↓

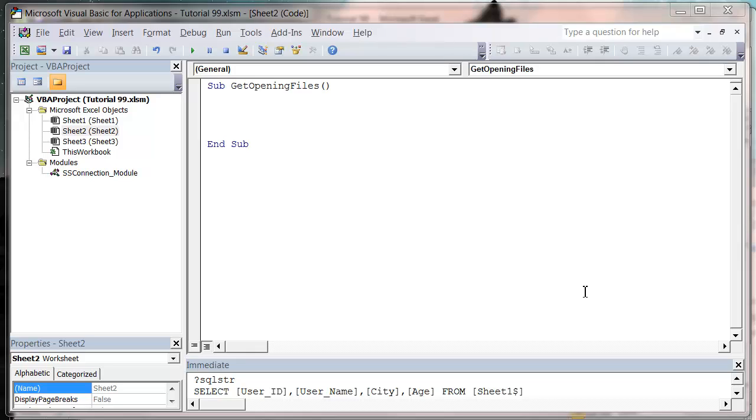Hello everybody and welcome to my 99th VBA tutorial. This tutorial is going to show you how to use the GetOpenFileName in order to open up multiple files.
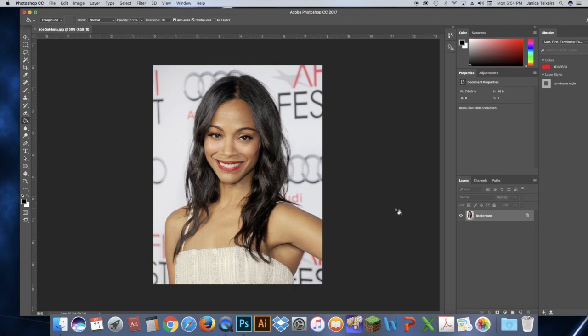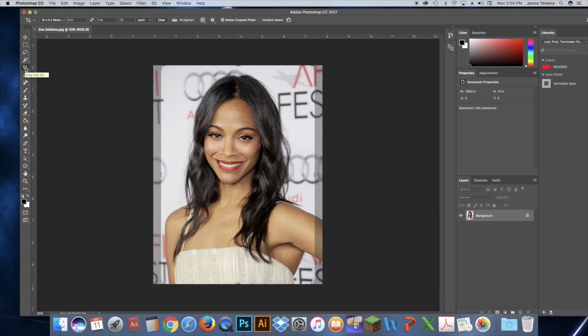When you pull an image off the internet it's usually not the size and resolution you want to work with. Hopefully you found a good high-quality image by searching large images and clicking 'View Image.' Even so, it's probably not the correct size and resolution for print. Since you got it off the web, it's probably at 72 pixels per inch, which is standard for web images.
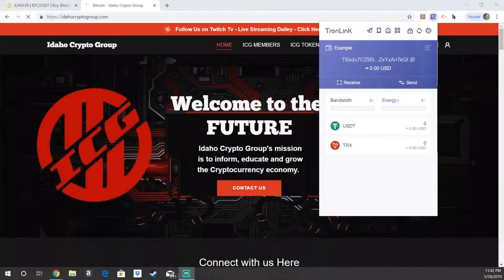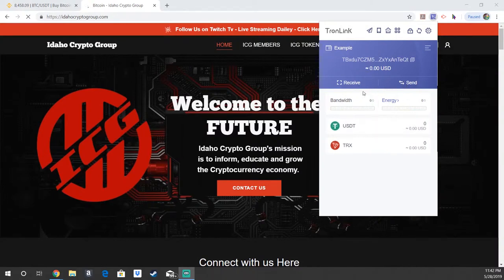Welcome back everyone. Ryan with the Idaho Crypto Group here, showing you how to make transactions on a Tronlink wallet. Here I am on the Windows desktop version; however, the setup will look exactly the same on mobile or Mac devices or anything like that.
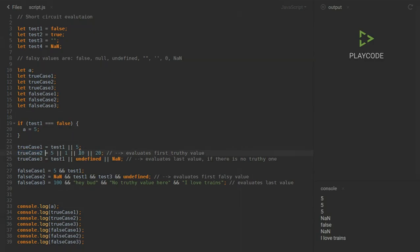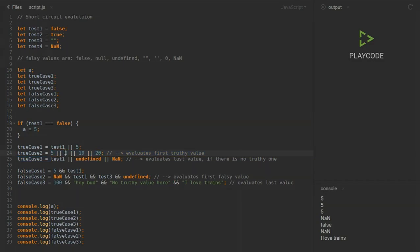Another example: true case two has multiple true values — five, one, ten, and twenty. You might ask which one is going to be evaluated. The OR operator evaluates the first true value it finds, which is five. After finding a true value it stops the search and skips the rest. So if we console log true case two we get five again.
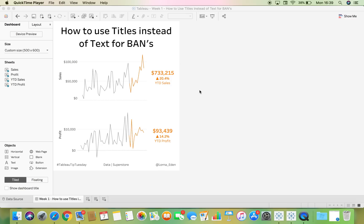For this week's Tableau Tip Tuesday, I'm going to show you how to use titles instead of text for bands - big ass numbers. This is courtesy of one of Anne Jackson's Workout Wednesdays in 2018.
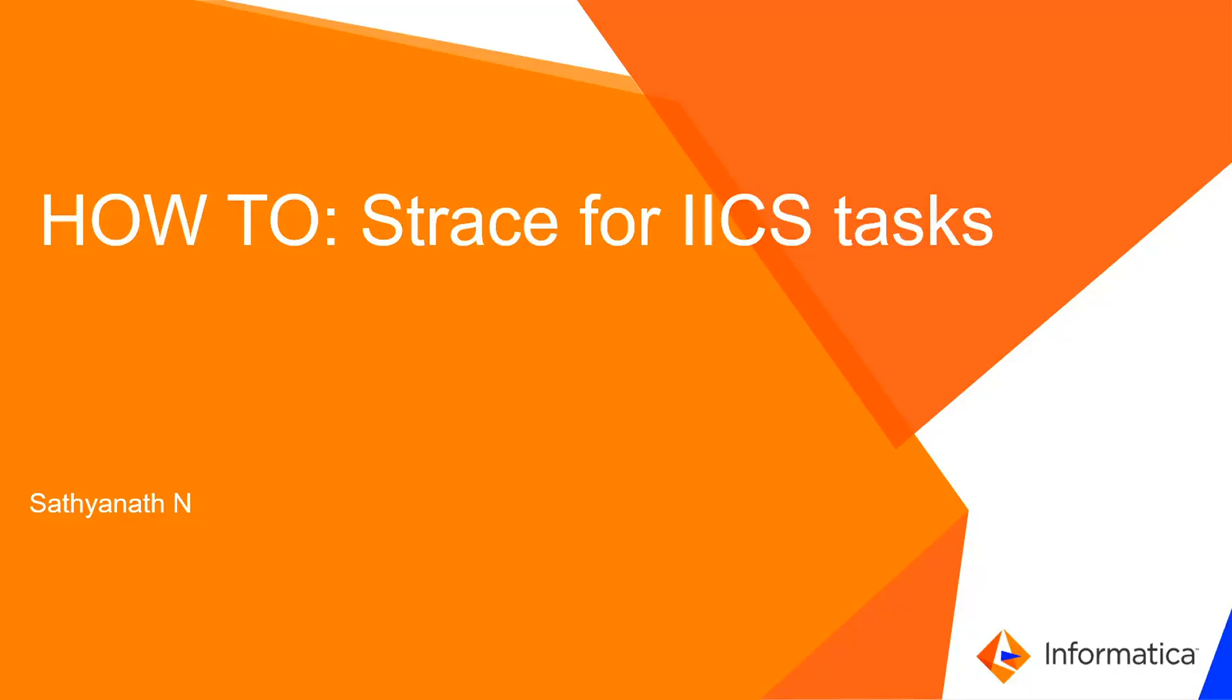Hi, welcome to Informatica support videos. I am Sachinath and I am working in Informatica GCS as a software engineer. In this video we shall take a look at how to capture S-trace for IICS tasks.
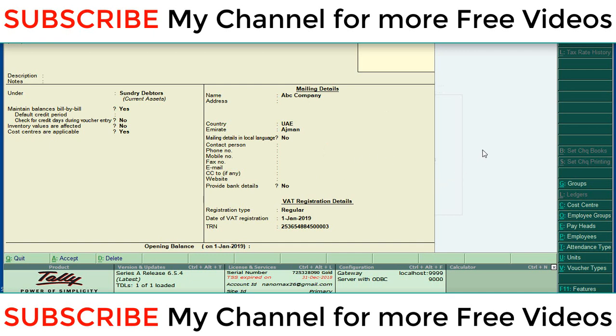If you are looking for more free videos or daily tips please subscribe to my YouTube channel. Thanks for watching my YouTube channel.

↑

- Exercise instructions -
Omit the pictures; restate every entry word for word.

- Solution for this task -
Hello everybody and welcome to my 99th VBA tutorial. This tutorial is going to show you how to use the GetOpenFileName in order to open up multiple files.
When you pull an image off the internet it's usually not the size and resolution you want to work with. Hopefully you found a good high-quality image by searching large images and clicking 'View Image.' Even so, it's probably not the correct size and resolution for print. Since you got it off the web, it's probably at 72 pixels per inch, which is standard for web images.
Welcome back everyone. Ryan with the Idaho Crypto Group here, showing you how to make transactions on a Tronlink wallet. Here I am on the Windows desktop version; however, the setup will look exactly the same on mobile or Mac devices or anything like that.
Another example: true case two has multiple true values — five, one, ten, and twenty. You might ask which one is going to be evaluated. The OR operator evaluates the first true value it finds, which is five. After finding a true value it stops the search and skips the rest. So if we console log true case two we get five again.
For this week's Tableau Tip Tuesday, I'm going to show you how to use titles instead of text for bands - big ass numbers. This is courtesy of one of Anne Jackson's Workout Wednesdays in 2018.
Hi, welcome to Informatica support videos. I am Sachinath and I am working in Informatica GCS as a software engineer. In this video we shall take a look at how to capture S-trace for IICS tasks.
If you are looking for more free videos or daily tips please subscribe to my YouTube channel. Thanks for watching my YouTube channel.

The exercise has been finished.